Baidu Leads First Decline in Week as SMIC Gains: China Overnight

Baidu Inc. tumbled, sending Chinese stocks trading in the U.S. lower for the first time in a week, on concern the Internet company has risen higher than its profit outlook warrants.

The Bloomberg China-US Equity Index of the most-traded Chinese shares in the U.S. slid 0.8 percent to 93.97 in New York. Baidu, owner of China’s largest search engine, fell the most since April, while Qihoo 360 Technology Ltd. declined for a second day. Semiconductor Manufacturing International Corp. surged the most in a month before reporting earnings this week and NQ Mobile Inc. jumped 13 percent to a record.

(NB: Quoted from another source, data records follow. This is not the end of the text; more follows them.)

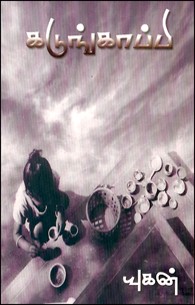 கடுங்காப்பி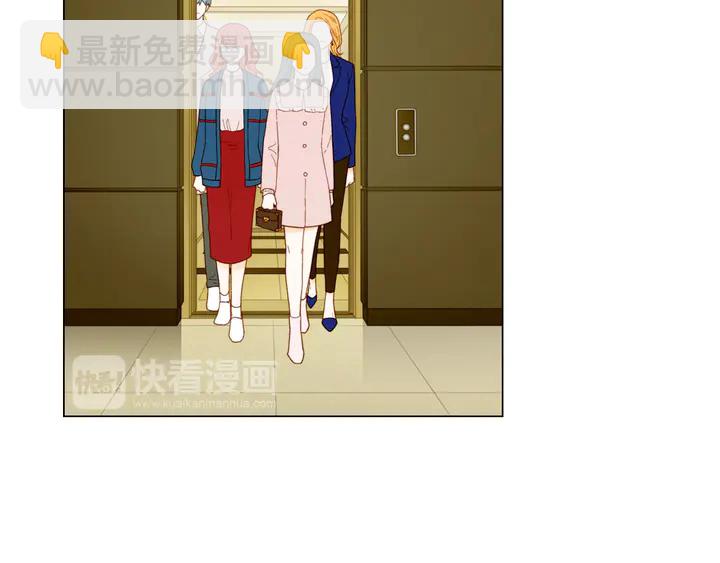 緋聞女一號 - 番外17 聞到氣味就孕吐(2/3) - 3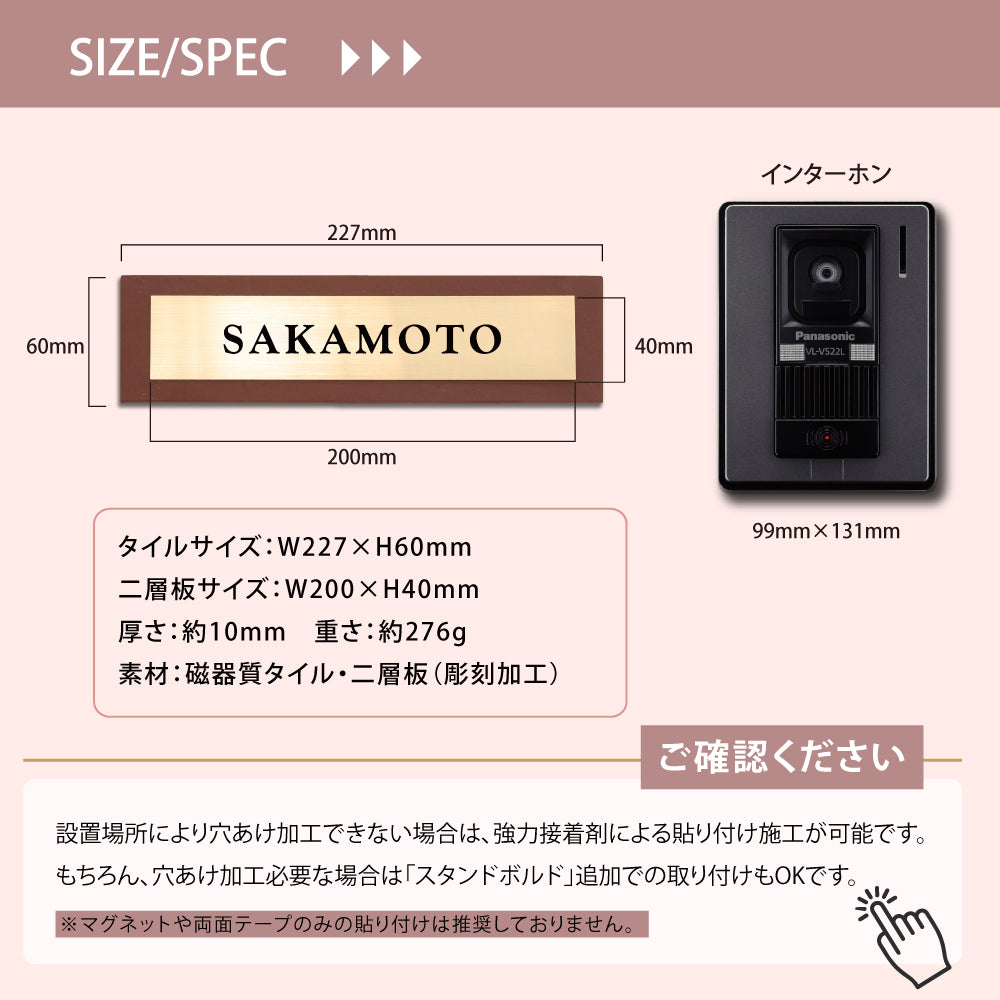 表札 シール タイル表札 W227×H60mm 【デザイン数充実!プレート色も選べます】gs-nmpl-1037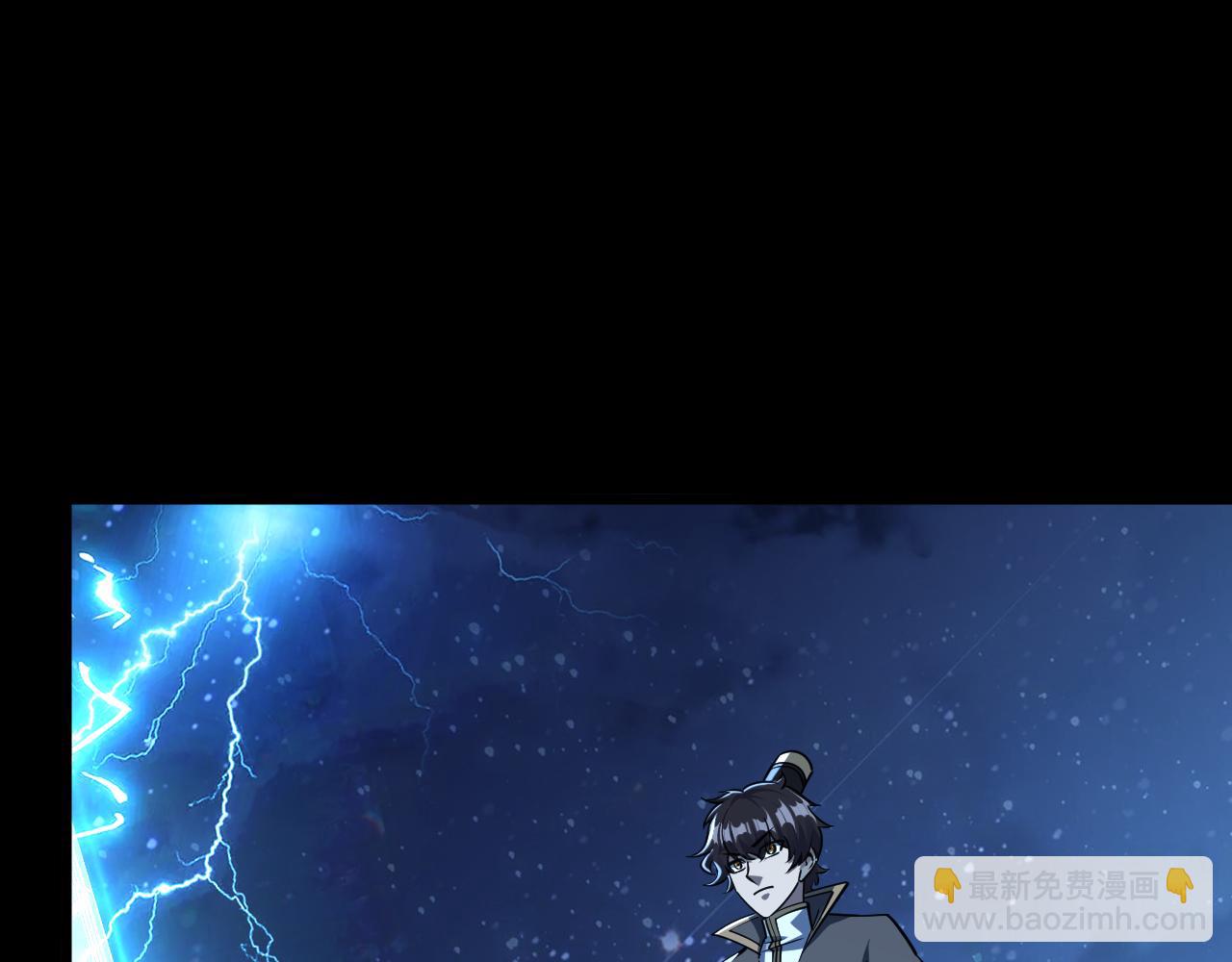 第75话 人屠得传承  欲统九重天(1/3)-第75话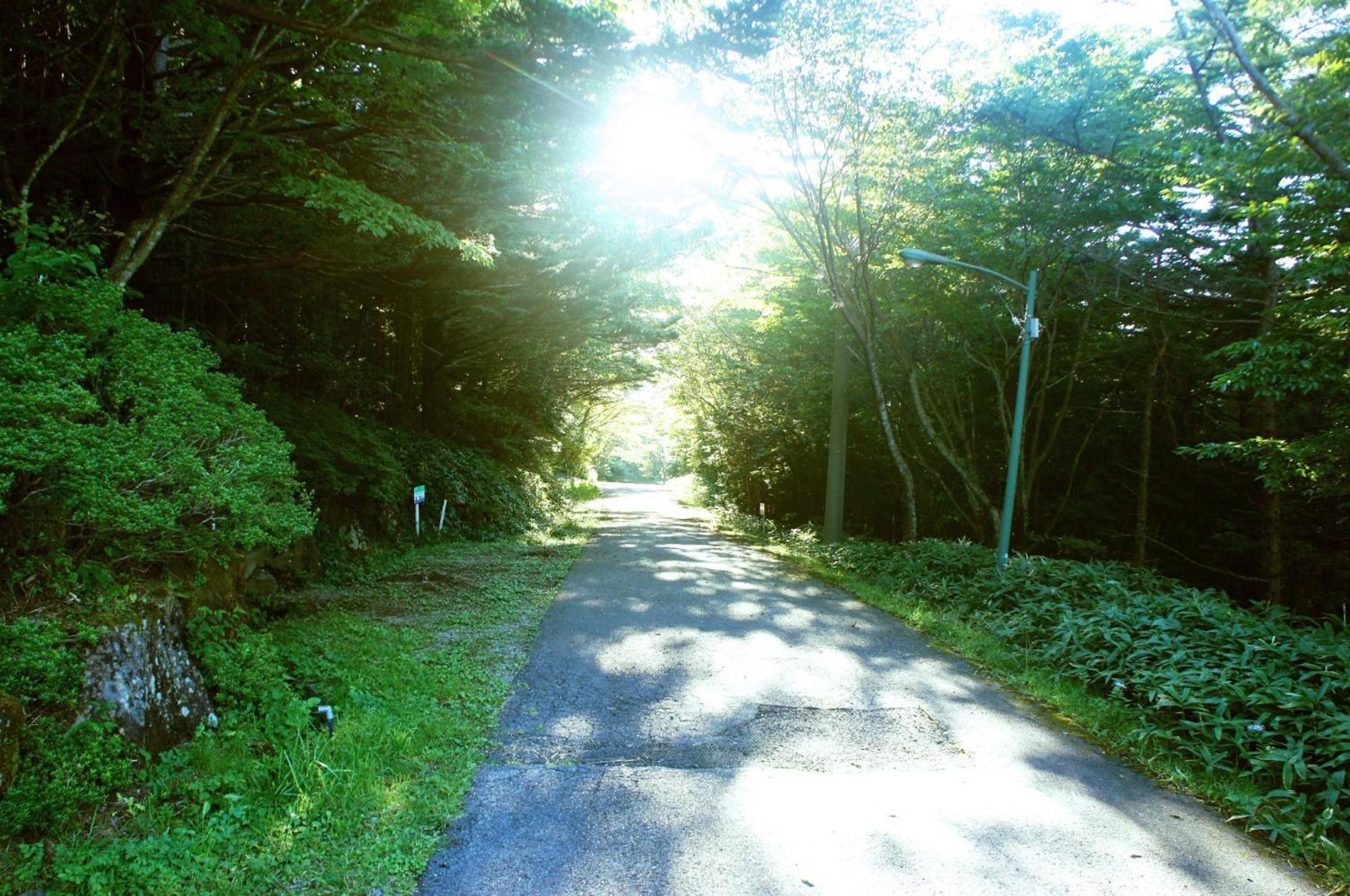 Haruna Sky - Vacation Stay 78634V Nasu Esterno foto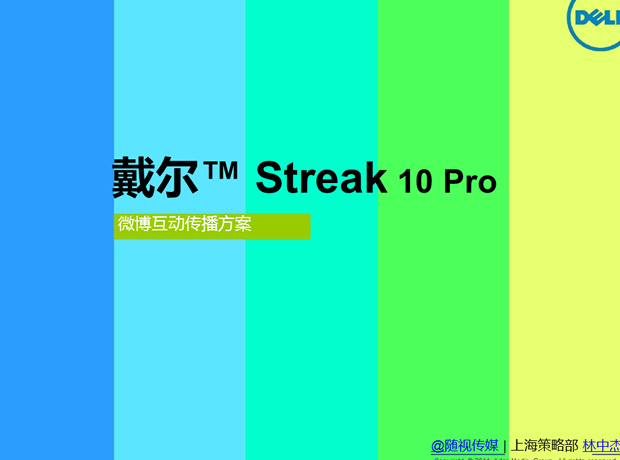 戴尔产品微博互动传播方案ppt模板牛品源码-源码下载-源码社区-zblog主题插件-PHP源码-三合一源码-直播源码-短视频源码-APP源码-即时通讯-源码-交友源码牛品源码网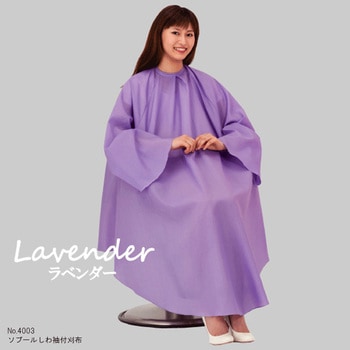 No.4003 ソブールしわ袖付刈布 ラベンダー カトレア本舗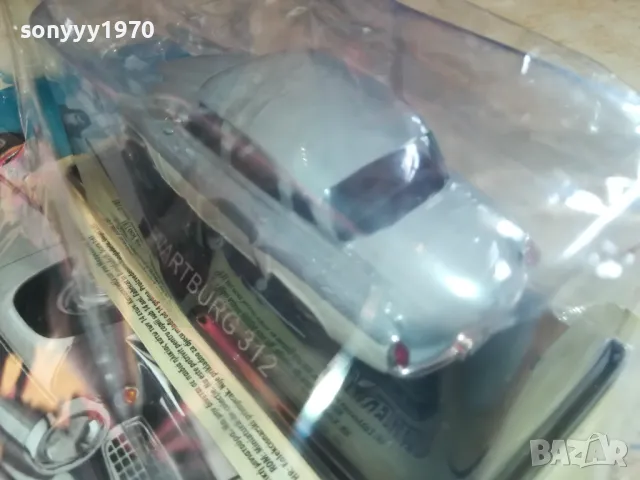 WARTBURG-METAL CAR 2901251541, снимка 16 - Колекции - 48879945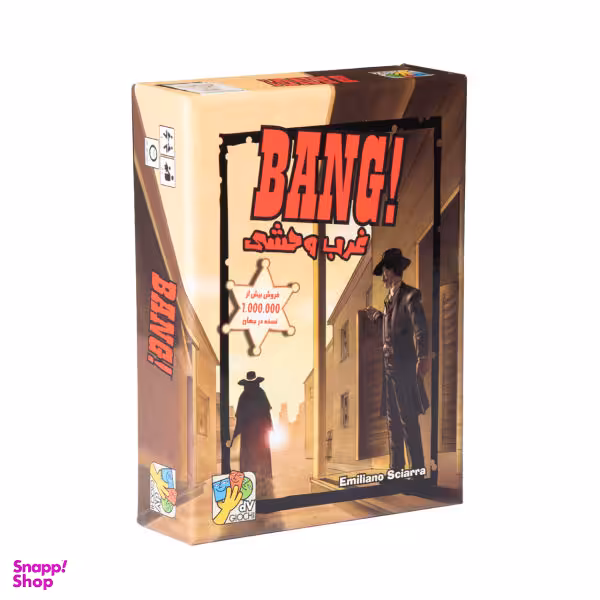 بازی فکری دی وی جیوچی مدل Bang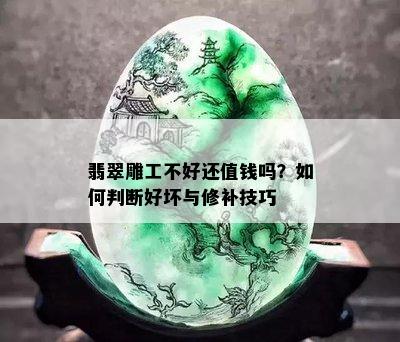 翡翠雕工不好还值钱吗？如何判断好坏与修补技巧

Baidu’s shares surged 40 percent last month after boosting spending to attract advertisers on its applications for tablets and smartphones. The Beijing-based company agreed to buy app store 91 Wireless for $1.9 billion in July, a month after acquiring PPS Net TV’s Internet video business for $370 million. While second-quarter earnings beat forecasts, the profit margin fell to 35 percent from 51 percent, according to a statement on July 24.

“Baidu’s profit margin is still on a declining trend,” Echo He, an analyst at Maxim Group LLC, said in a phone interview from New York yesterday. “We don’t know where the bottom is. That’s the biggest risk.”

The iShares China Large-Cap ETF, the largest Chinese exchange-traded fund in the U.S., retreated from an eight-week high, dropping 0.9 percent to $34.67. The Standard & Poor’s 500 Index slipped 0.2 percent to 1,707.14 as stronger growth in U.S. service industries raised concern that the Federal Reserve will temper monetary stimulus.

Expensive Acquisitions

American depositary receipts of Baidu declined 4.2 percent to $133.89, paring its gain this year to 34 percent. Before yesterday’s decline, the shares traded at 25 times estimated earnings, the most expensive level in more than a year, and compared with a multiple of 15 four months earlier, Bloomberg data show.

Increased competition will force Baidu to seek more expensive acquisition deals to gain market share, reducing its margins, according to Maxim’s He, who has a sell rating on Baidu. Qihoo, the second most-used search engine in China, is in initial talks to buy Inc.’s Sogou unit to help it compete with Baidu for Internet searches, Chief Financial Officer Alex Xu said July 19.

ADRs of Qihoo slid to $66.02. The shares have increased 122 percent this year, including a 41 percent surge in July alone.

NQ Volatility

Semiconductor Manufacturing, known as SMIC, rose 8.6 percent to $4.03. The ADRs traded about 6 percent above their equivalent shares in Hong Kong, the biggest premium since December 2009. Over 1.2 million shares changed hands, more than 7 times the average daily volume of the past three months. The Shanghai-based company is scheduled to release earnings Aug. 8.

NQ Mobile, a Beijing-based mobile security service provider, surged to a record $17.95 with trading volume more than triple the three-month average. Piper Jaffray & Co., which underwrote NQ’s initial public offering in May 2011, raised its target 41 percent to $24.

One-month at-the-money volatility surged to an all-time high of 131 percent on Aug. 2, before retreating to 130 percent yesterday, Bloomberg data show.

JA Solar Holdings Co., China’s biggest solar-cell maker, rose 4.2 percent to $8.75. The company said it has secured a credit line of 550 million yuan ($90 million) from the Bank of Communications of China.

The Hang Seng China Enterprises Index in Hong Kong slipped

0.1 percent to 9,725.96. The Shanghai Composite Index rose for a fifth day, gaining 1 percent to 2,050.48 after a measure of the service sector rose in July for the first time in four months.